The noncovalent interactions in host-guest complexes of α-cyclodextrin (α-CD) with a series of benzoic acid derivatives (RBA) were investigated by electrospray ionization tandem mass spectrometry and density functional theory (DFT) calculations. The 1:1 stoichiometry of the anionic host-guest complexes was unequivocally confirmed by their mass-to-charge ratios (m/z) and isotope patterns. Collision-induced dissociation experiments revealed exclusive fragmentation into α-CD and neutral RBA and afforded the gas-phase kinetic stability trend α-CD·3,5-diMeBA < α-CD·3-MeBA < α-CD·BA < α-CD·3-OHBA < α-CD·3,5-diOHBA. This trend follows that of the gas-phase basicities of the guest anions used, indicating that host-guest pairs with more comparable basicities form more stable complexes.

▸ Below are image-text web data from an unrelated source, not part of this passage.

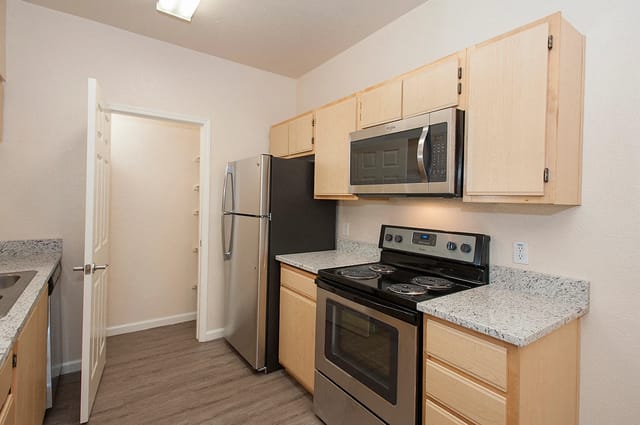 Kitchen with stainless steel appliances, granite countertops, and light wood cabinets.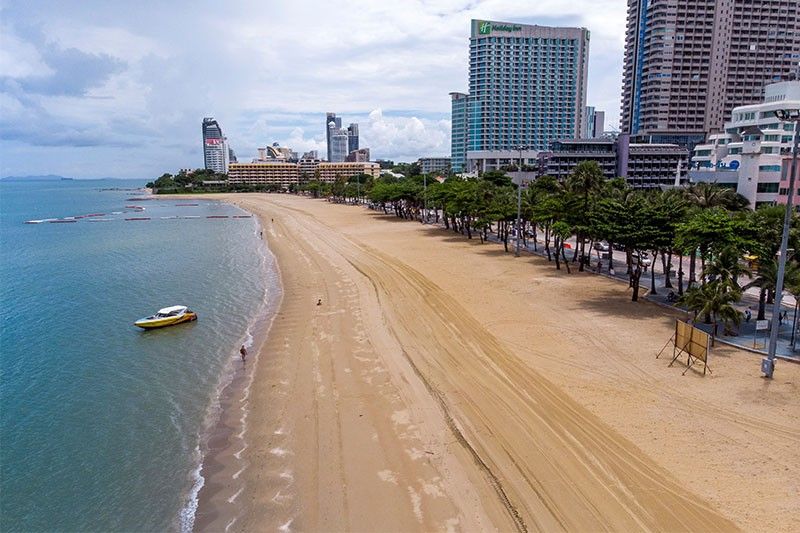 Thais seek sun and surf as officials re-open some beaches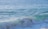 A sunlit ocean with gentle, rolling waves. The water is a beautiful blend of blue and turquoise shades, with white foam forming on the wave crests.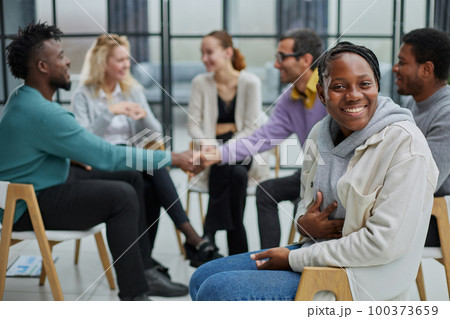 Successful manager or team leader sitting in front of his colleagues Successful manager or team leader sitting in front of his colleagues 100373659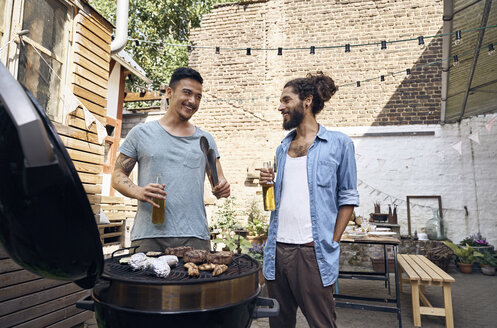 Friends preparing meat for a barbecue in the backyard - PDF01808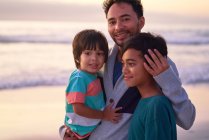 Retrato feliz pai e filhos na praia do oceano — Fotografia de Stock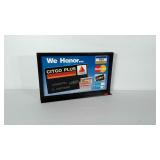 Metal credit card advertising sign in display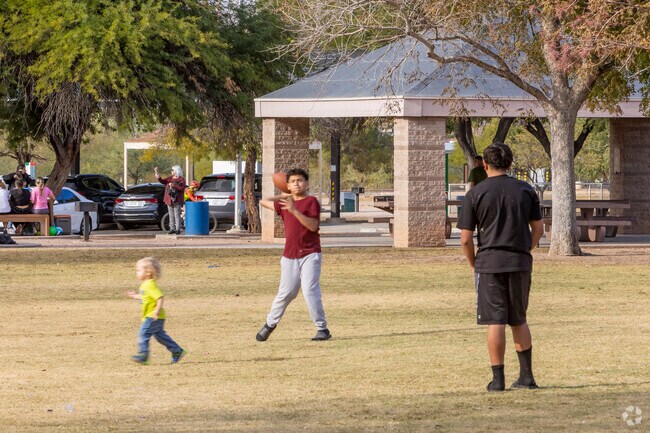 Two kids throw a football back and forth at Tucson’s Udall Park.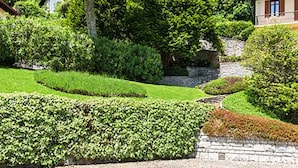 A landscaped garden with a stone wall, a curved pathway, and a building with a brown roof and windows. - Cernobbio Lake View (Cernobbio)
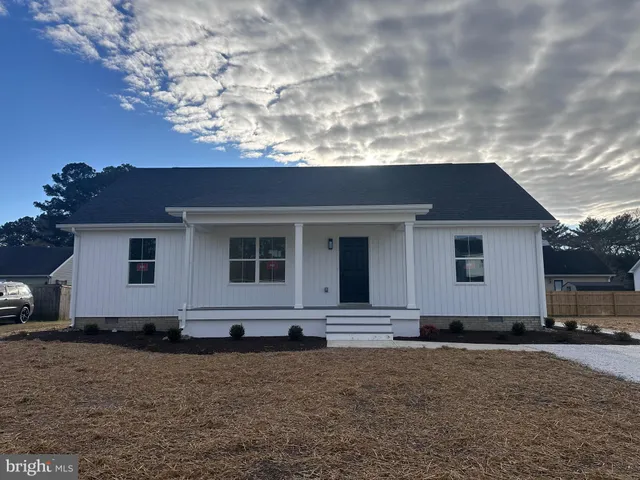 a house with trees in the background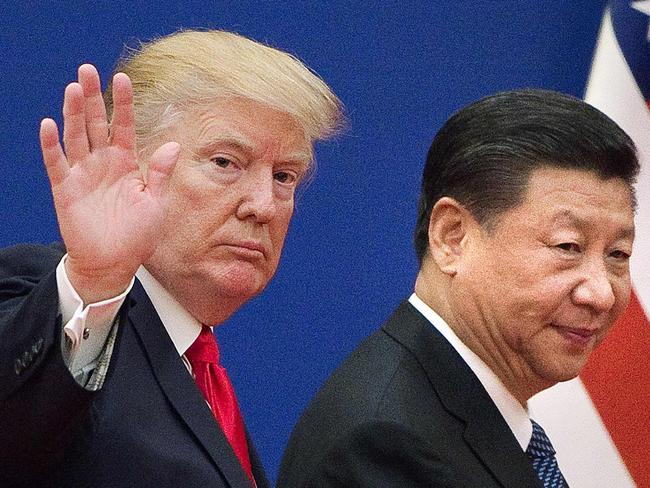 (FILES) This file photo taken on November 08, 2017 shows US President Donald Trump (L) and China's President Xi Jinping leaving a business leaders event at the Great Hall of the People in Beijing. - The new partial trade agreement between the United States and China will be signed in the middle of next month in Washington, US President Donald Trump said on December 31, 2019. 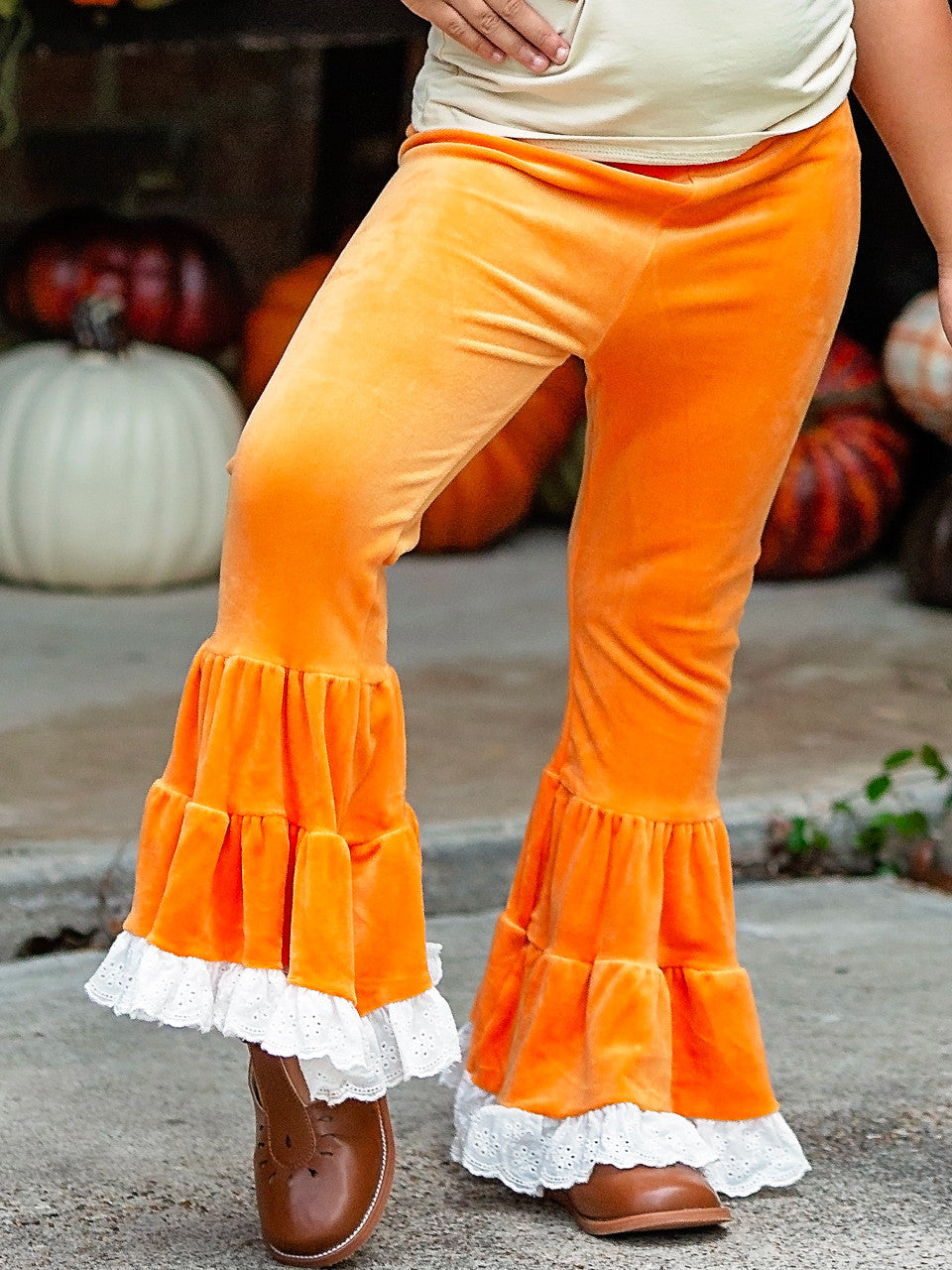 Orange Velvet Bell Pants on a little girl.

DFT calculations at the M06-L/6-31+G(d,p) level of theory provided detailed structural assignments and further elucidated the experimental observations, suggesting that the anionic α-CD·RBA inclusion complexes are favored over the nonspecific complexes in the gas phase and that hydrogen bonding constitutes the primary host-guest interaction. Additionally, the results provide an estimated gas-phase basicity ΔG(0) = 325-327 kcal mol(-1) for α-CD.